What are you most excited to share with UChicago alumni at the curator led tour?
I have previously had the chance to take the alumni through galleries and to look at our permanent collection, but this time we’ll be able to see an exhibition which I curated. This is the first exhibition at the MFA for which I’ve been able to write a catalog alongside an exhibition and I’m excited to share that with fellow alumni, and to talk about why and how artists make things today. Most of all, I’m excited to have an intelligent conversation with UChicago alumni and friends. Our alumni always ask great questions, and it’s just one of the most fun and enjoyable times for me.
What was your favorite Core class?
Definitely Media Aesthetics. It was the first time I was introduced to some writing and ideas that would become really critical to me and that would lead me into Art History. When I came to UChicago, I was thinking I would be a fine arts or classics major, but after reading Foucault’s essay on Velazquez’s painting Las Meninas from The Order of Things and following the other curriculum… there were just a lot of things about that course that steered me towards art history, which was great.
Which professor at Chicago left the greatest impression on you, and why?
Rebecca Zorach, who was not only an Art History professor with whom I took multiple classes, but who was also my undergraduate thesis advisor. Her ability to connect the past and present - in her Feminist Art History course, especially - has had a great influence on me and how I think. She really shaped my interests, but also let me focus on the Decorative Arts and encouraged me to follow my own interests, as well.
What is one of your fondest UChicago memories?
I met my husband during my senior year at UChicago, so we can carry on the tradition at home!
Fill in the blank: “If you loved _______ about Chicago, I think you’ll really love ______ about Boston.”
That’s a tough one! I’d say that if you loved Grant park and the amazing park system and outdoor spaces in Chicago, you’ll love the parks in Boston. It’s really amazing to work by the Fenway everyday!
Can you say a little bit about the impact that the UChicago alumni network has had on you, both personally and professionally?

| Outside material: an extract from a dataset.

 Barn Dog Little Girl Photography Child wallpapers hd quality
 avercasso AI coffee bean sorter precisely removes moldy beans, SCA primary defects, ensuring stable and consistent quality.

Personally, it’s provided me some of my longest lasting friendships and other kinds of relationships. Professionally, when I was thinking about what it was I wanted to do, Chicago alums were really generous with their time. The curatorial world is a tough one to get into; there are lots of people, with great educations and great CVs, but not always a lot of opportunities. I connected with UChicago alums who worked at the Art Institute of Chicago, and at other museums all around the country. And now, I find the same thing happening with me -- with other alums reaching out to me for similar connections and advice. It’s been a great thing to be a part of because it’s always meant quite a bit to me.
And finally, what made you want to get involved with the UChicago Alumni Club of Boston?

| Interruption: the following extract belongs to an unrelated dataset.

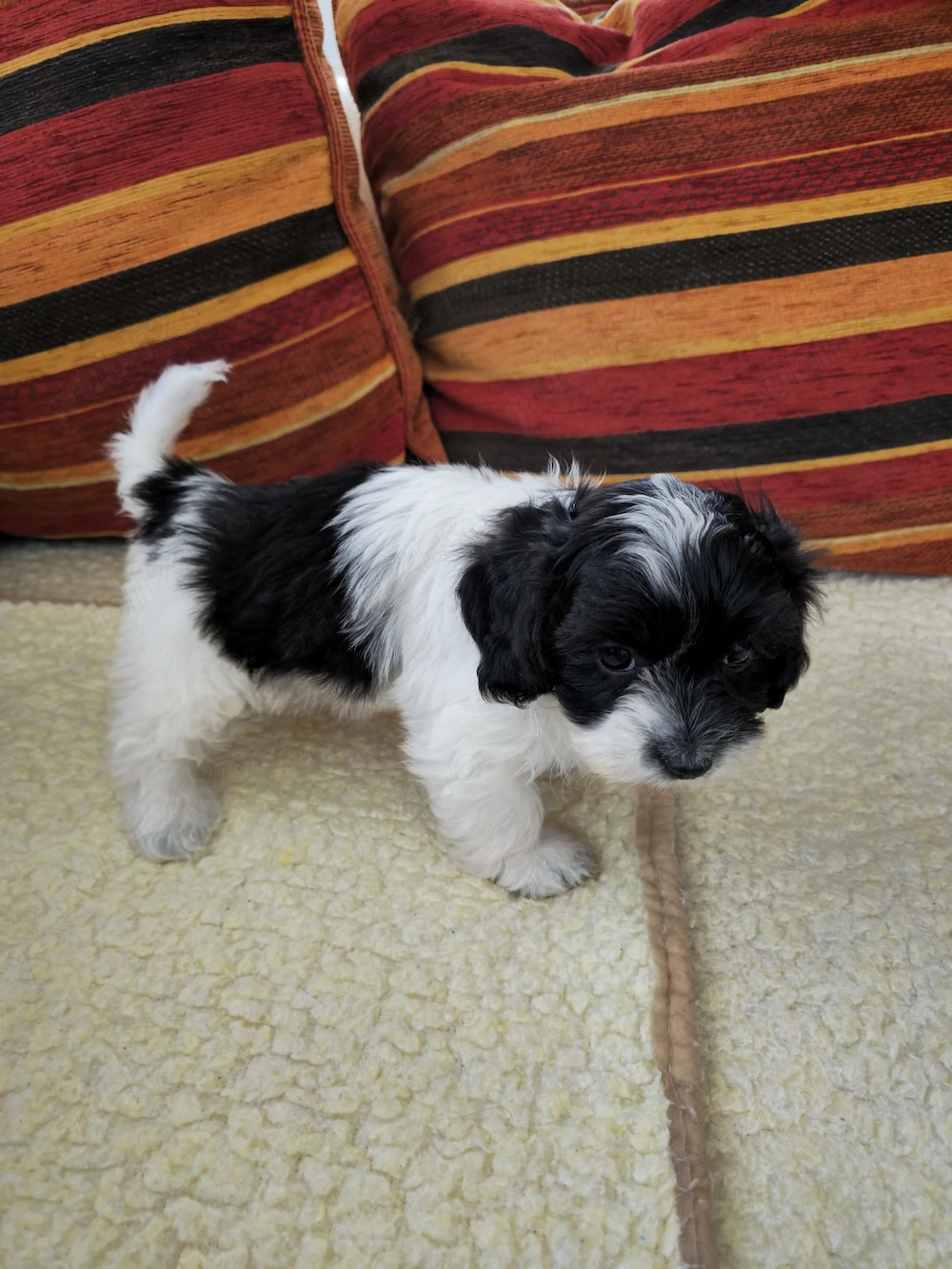 Bichon havanez fetita
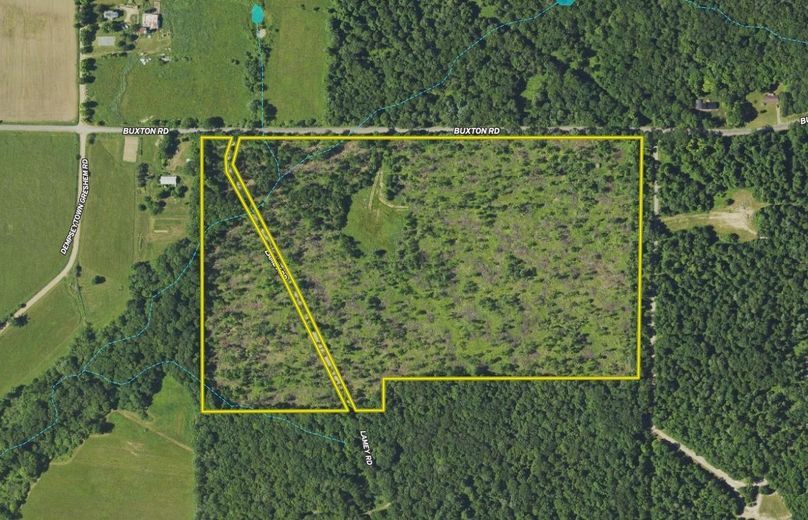 Screen Shot 2024-02-12 at 3.23.58 PM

When I first moved to Boston, the Alumni Club was a really wonderful way to meet and connect with fellow alums. We used to go to Trivia Nights in Harvard Square -- it was really fun to try to beat the Harvard kids! UChicago was a huge part of my life and I’m so grateful for the opportunity to have gone there. It has really formed aspects of my identity and has connected me with people who have shaped my life, so I’m very happy to have that continue. Boston has a really amazing Chicago community.